By Ronald Miller, J.D.
Because Uber is in the general business of giving people rides and didn’t focus on “the service of transporting people to and from airports,” it did not fall within the FAA’s § 1 exemption.
Uber drivers who pick up and drop off passengers at airports do not fall within the residual category of transportation workers, and therefore may be judicially compelled to arbitrate their claims that the rideshare company failed to safeguard their personal information in accordance with the terms of their contracts, ruled the Ninth Circuit. The appeals court concluded that the district court’s decision was not “clearly erroneous as a matter of law,” as required for granting a writ of mandamus, because no prior Ninth Circuit authority prohibited the district court’s ruling, and the issue in question had not yet been addressed by any circuit court in a published opinion (Grice v. United States District Court for the Central District of California, Los Angeles, September 4, 2020, Callahan, C.).
Data breach.
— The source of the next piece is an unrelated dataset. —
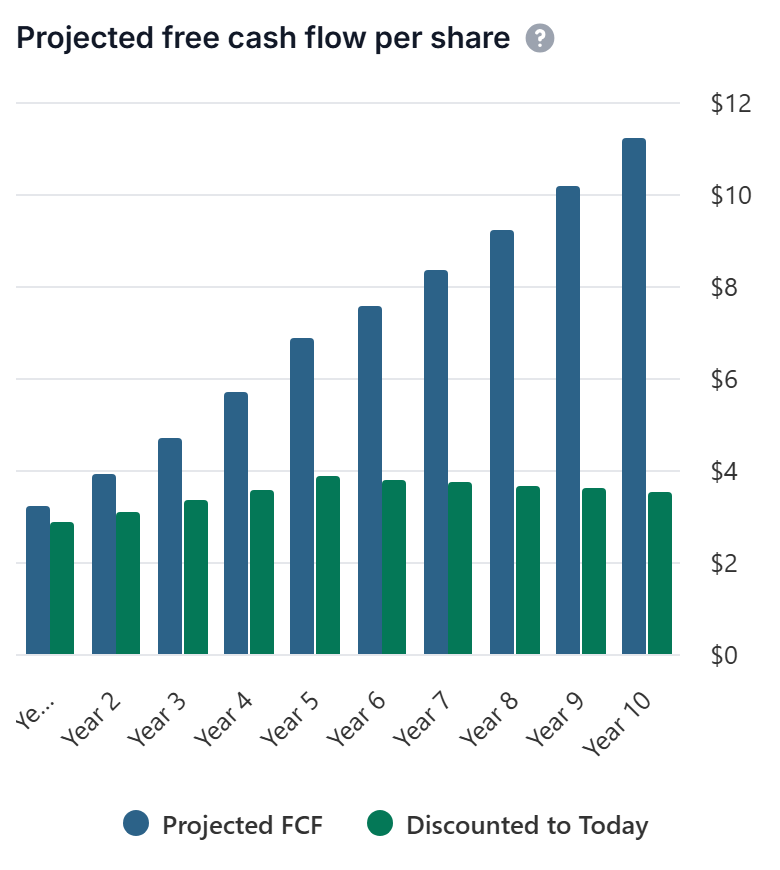 The projected free cash flow chart with blue projected bars and green discounted bars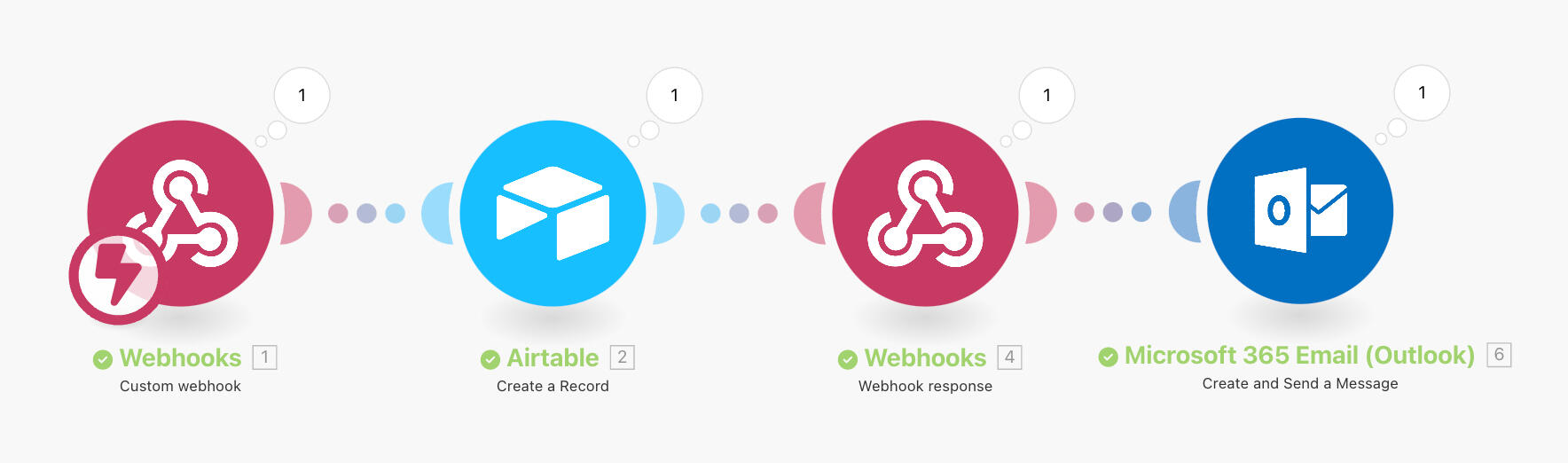 symbol image of an automation process Screenshot of a workflow in make.com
In November 2017, a rideshare driver filed putative class action against Uber, alleging that the company failed to safeguard his and other Uber drivers’ and riders’ personal info and mishandled a data security breach in which that info was stolen by online hackers. Uber moved to compel arbitration citing the agreement the drivers signed requiring arbitration of any disputes. For his part, the drivers argued he “driv[es] passengers (who are engaged in interstate travel) and their luggage to and from airports” and therefore qualifies for the FAA’s § 1 exemption. The district court disagreed and compelled arbitration.
The driver petitioned the Ninth Circuit for a writ of mandamus vacating the district court’s referral to arbitration.
Residual clause. Section 1 of the FAA exempts from the Act’s coverage “contracts of employment of seamen, railroad employees, or any other class of workers engaged in foreign or interstate commerce“—§ 1’s “residual clause.” The Supreme Court has narrowly interpreted the residual clause as covering “only contracts of employment of transportation workers.” The Ninth Circuit has described the residual clause as applying to “the contracts of employees who actually transport people or goods in interstate commerce.” The critical factor is “[t]he nature of the business for which a class of workers perform[ed] their activities.”
Rideshare drivers. Next, the appeals court turned to consider whether rideshare drivers fell within the FAA’s residual clause. Here, the district court concluded that rideshare drivers were not part of a group engaged in foreign or interstate commerce, and so did not fall within the § 1 exemption. Uber is not focused on “the service of transporting people to and from airports,” rather, the company is in the general business of giving people rides.
In this instance, the driver did not allege that he provides rides only, or even primarily, to individuals coming from out-of-state. Moreover, he cited no circuit precedent holding that rideshare drivers, as a class, are “engaged in foreign or interstate commerce.” Further, the driver provided neither evidence nor caselaw to support his claim that “Uber is clearly in the business of providing transportation services and is engaged in interstate commerce.” Contrary to the driver’s understanding, “the residual exemption is … about what the worker does,” not just “where the goods [or people] have been.”
Given the lack of controlling precedent forbidding the result, the Ninth Circuit was not firmly convinced that the district court erred in compelling arbitration of the driver’s claims. Accordingly, because the driver had not met his burden of showing a clear and indisputable right to issuance of a writ of mandamus, his petition was denied.